My folks helped found the community theater in my home town. They recently had their 20th anniversary, and are finally running in the black. They rarely do shows that don't sell out almost every night anymore. The place has become an institution in my home town.
And I grew up there.
I can still remember going to see the first show we were involved with. Agatha Christie's The Mousetrap. From that point on, I was enraptured with live theater. From that point on, I had my hands in EVERYWHERE. I built sets, I sold tickets, I cleaned bathrooms... At 11, I crewed my first show. Lights. I was an extra set of hands, really. I would sleep in the spotlight loft until they needed me, then come down and help turn dimmers on and off since the masters on the Monolith (the first light board) didn't work. I stage managed my first show at thirteen. My sister and I were called upon whenever a director was short handed for stuff.
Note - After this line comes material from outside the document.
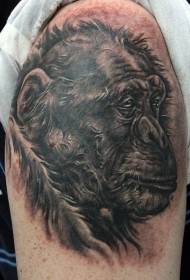 black chimpanzee head big arm tattoo pattern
We were called upon when upset parents pulled their kids out of shows half way through the run because they 'weren't supposed to stay with the non-custodial parent that long.'
I grew up around people older than I was. I grew up around creative people. I grew up somewhere where I was treated as an equal, despite the fact that I was just a 'kid'.
That's where the bug I had was nurtured, really. I can still remember where I caught it though. My first performance ever. At three years old, I sang You are my sunshine on stage at Foster's Clam Bake in Wells Beach, Maine. I can remember that. I can see the microphone in front of me. Someone was holding me up. I can still see the smiling faces looking back at me, and feel the applause when I was done. This was the spark. Riverfront was the fuel to feed it and make it grow.
At the end of my sophomore year in highschool, I auditioned for Starship, the show choir at my school. Yeah, I went to Enterprise Highschool, and the show choir was named Enterprise Starship. This was no normal show choir though. They only did top 40 songs... no show tunes. :)
So I auditioned. I wasn't part of the music program, no one knew who I was. When the list came out for who would be part of the group for the next year, I was number thirteen on the mens list.
They took the top twelve guys.
Yeah, fuck a duck.
Half way through the school year, I was called into Mr. Ashton's office. He was the director of the group. He came from a school in Vegas, so the show stuff was his thing. He was way cool.
Apparently enough guys had been forced to drop out of the group because of academic reasons, that they were now short handed. He wanted to know if I'd like to come in at the semester break.
Within two days, I'd arranged to drop all my honors classes so that I'd have 7th period free for Starship, and 5th period free for Choir. You had to be in Choir to be in Starship.
All of my honors professors were NOT happy with my decision, but for some reason I had to do what I had to do.
For my senior year, I was number three on the list.
The last performance of my senior year was video taped, and it got the group invited to France to represent California in the French Bi-centennial celebration. We were that good.
Day late, dollar short... at least at first.